• Given data:
----------------
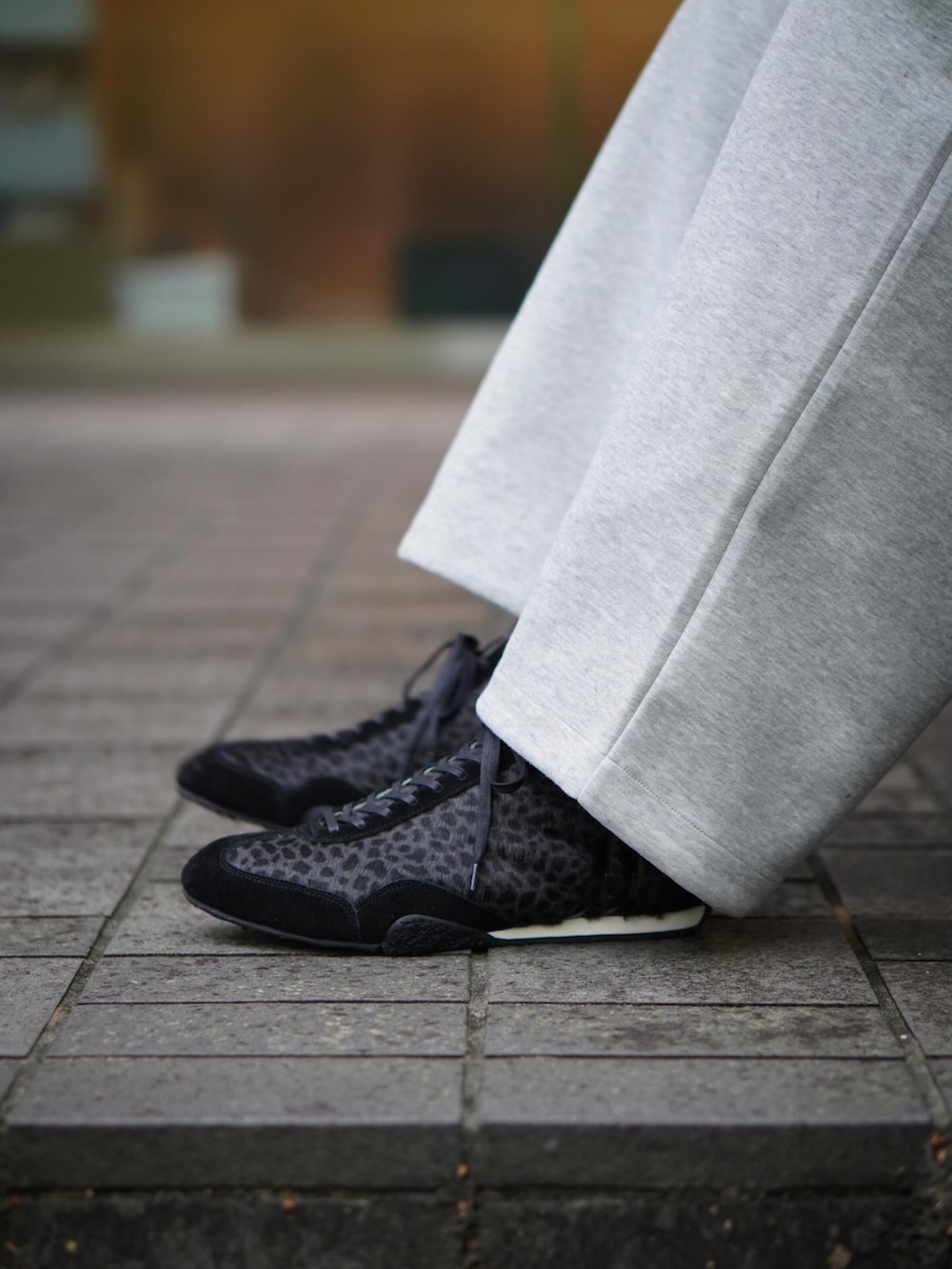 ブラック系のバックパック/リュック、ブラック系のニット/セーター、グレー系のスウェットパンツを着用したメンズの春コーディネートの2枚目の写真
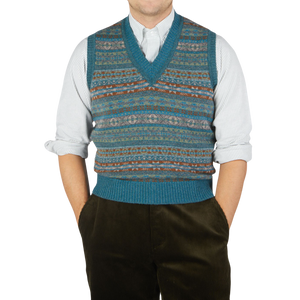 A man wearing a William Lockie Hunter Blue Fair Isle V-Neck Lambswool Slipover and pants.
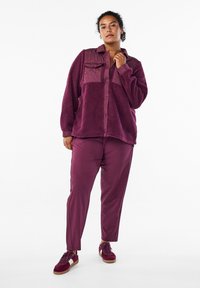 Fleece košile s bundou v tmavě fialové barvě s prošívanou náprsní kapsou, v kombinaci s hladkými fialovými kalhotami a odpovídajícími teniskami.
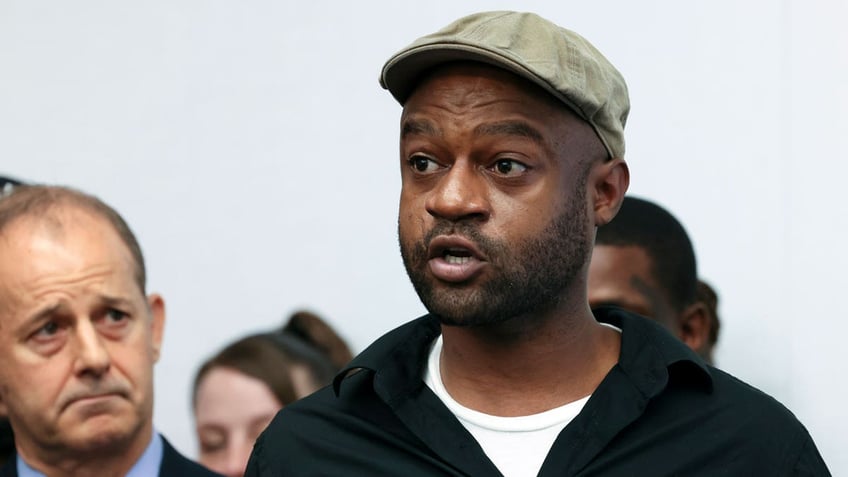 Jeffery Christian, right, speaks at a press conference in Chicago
----------------
• Task to complete:
Pictures aside, retype the material exactly.

• Response to the exercise:
 ブラック系のバックパック/リュック、ブラック系のニット/セーター、グレー系のスウェットパンツを着用したメンズの春コーディネートの2枚目の写真
 A man wearing a William Lockie Hunter Blue Fair Isle V-Neck Lambswool Slipover and pants.
 Fleece košile s bundou v tmavě fialové barvě s prošívanou náprsní kapsou, v kombinaci s hladkými fialovými kalhotami a odpovídajícími teniskami.
 Jeffery Christian, right, speaks at a press conference in Chicago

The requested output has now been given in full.